A Lebanese American businessman who was a key witness in special counsel Robert Mueller’s report and who helped broker the release of American hostages was sentenced Friday to 10 years in prison sentence on child sex charges.

George Nader pleaded guilty in January to bringing a 14-year-old boy from the Czech Republic to the U.S. 20 years ago to engage in sexual activity. He also acknowledged possessing child pornography.

Nader’s name appears more than 100 times in the Mueller report. It details Nader’s efforts to serve as liaison between Russians and members of President Donald Trump’s transition team.

In the 1990s, Nader served as a broker to facilitate the release of American hostages held in the Middle East.

The convictions carried a 10-year mandatory minimum. The judge could have imposed a longer term, though prosecutors also recommended a 10-year sentence.

Nader also agreed to pay $150,000 in restitution to the Czech boy he abused, who is now an adult and testified at Friday’s sentencing hearing in U.S. District Court in Alexandria by phone.

“George destroyed practically my entire life, and I am trying to put it back together piece by piece,” he said through a translator.

Nader’s interest in children and his status as a behind-the-scenes power player both extend back decades.

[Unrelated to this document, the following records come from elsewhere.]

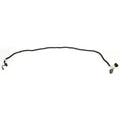 Tekonsha auto part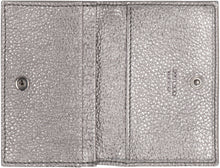 Load image into Gallery viewer, Nello leather card holder
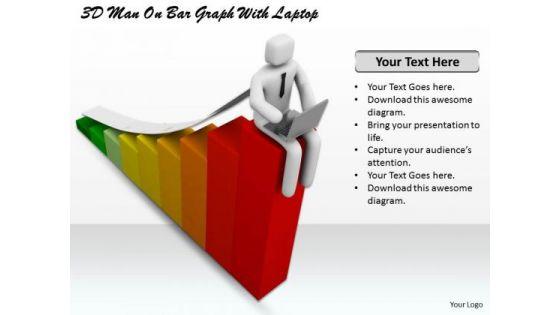 modern_marketing_concepts_3d_man_bar_graph_with_laptop_business_statement_1.jpg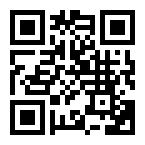 https://www.530lw.com/4108.html
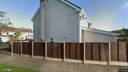 Street view of 18A Monaloe Park Road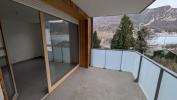 Annonce Location 3 pi�ces Appartement Grenoble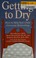 Go to record Getting to dry : how to help your child overcome bedwetting.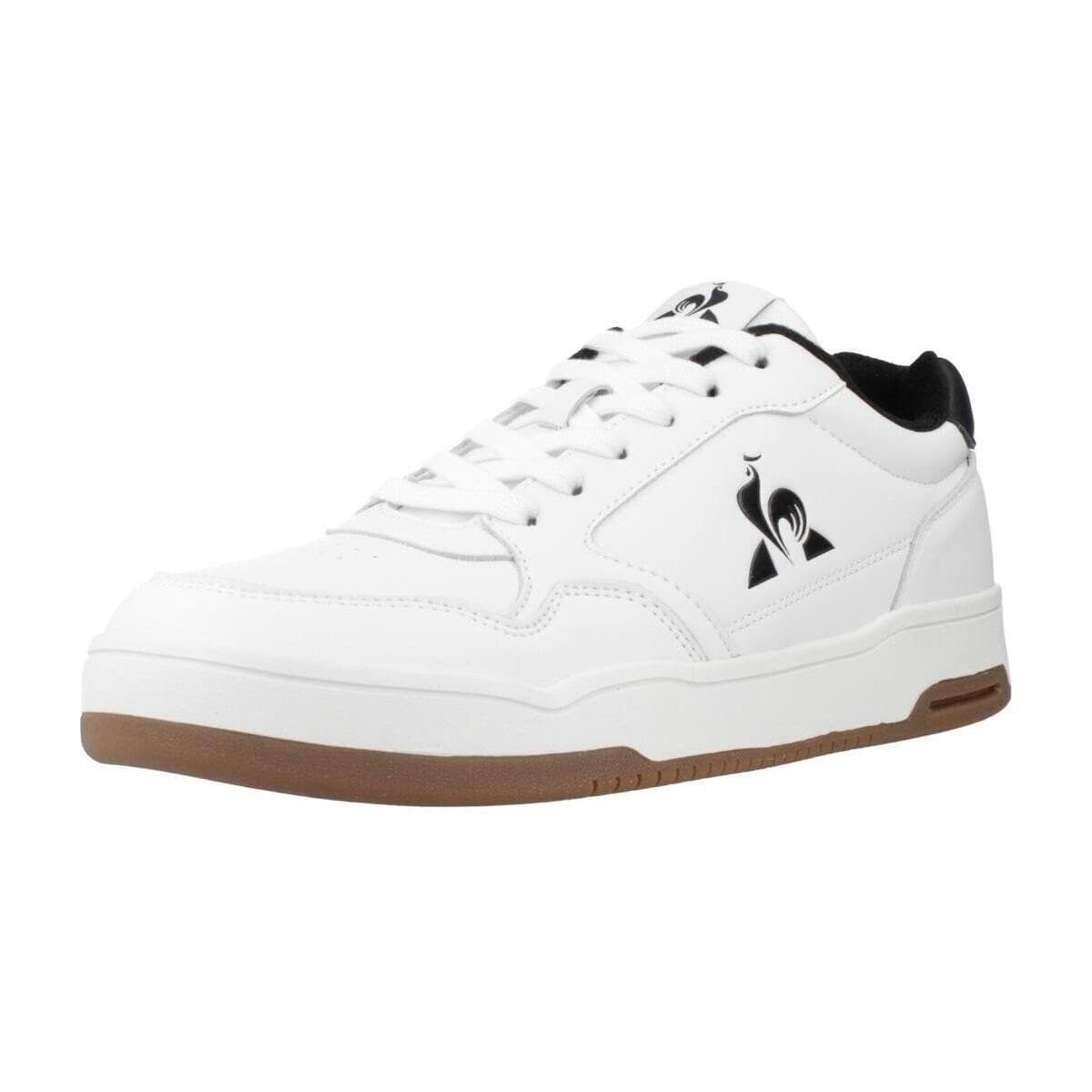 Men's Sports Shoes Le Coq Sportif White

And there’s at least some indication that the latter shielded him from the consequences of the former.

Almost 30 years ago, Nader was caught by customs officials transporting two films, hidden in candy tins, of minor boys into the U.S. He received a six-month sentence, a term that prosecutors in the current case acknowledge is “far below what would be expected of such a crime today.”

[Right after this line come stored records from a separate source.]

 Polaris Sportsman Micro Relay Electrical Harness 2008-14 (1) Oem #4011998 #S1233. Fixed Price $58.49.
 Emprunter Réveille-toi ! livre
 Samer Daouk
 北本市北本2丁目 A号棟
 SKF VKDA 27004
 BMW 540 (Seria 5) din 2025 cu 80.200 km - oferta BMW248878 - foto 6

In 1991, as he awaited sentencing, his case was twice delayed so he could continue his work on hostage negotiations. Court records cited by his current defense lawyers indicate that British hostage Jon McCarthy and American hostage Edward Tracy were released in July of that year and that Nader played an outsized role in securing the release. Participants in the negotiations wrote letters to the judge on Nader’s behalf.

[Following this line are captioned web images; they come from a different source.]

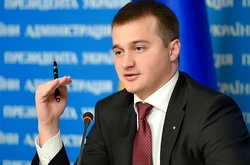 В БПП розкритикували лінію захисту Насірова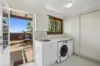 73A Mackenzie Street, Hackett, ACT 2602-Image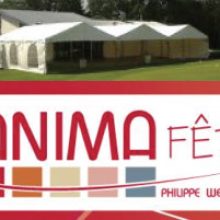 *** Anima fête ***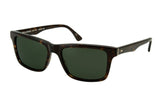 Gafas de Sol Masunaga 074SG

Later, in 2003, Nader sentenced to a 1-year prison term in the Czech Republic after being convicted there on 10 counts of sexually abusing minors and sentenced to a one-year prison term in 2003.

Prosecutors say the abused boys were largely child prostitutes. The 14-year-old boy brought to the U.S. also alleged he was victimized by Nader int he Czech case, though Nader’s lawyers say he wasn’t convicted there. The two sides dispute the extent of abuse inflicted on the boy in the U.S. but Nader has admitted to one sex act.

Nader “used his contacts and his wealth to accomplish” bringing the Czech boy into the U.S., prosecutor Jay Prabhu wrote.

The current case against Nader began in 2018 when images were found on his phone after it was confiscated under a search warrant connected to the Mueller probe.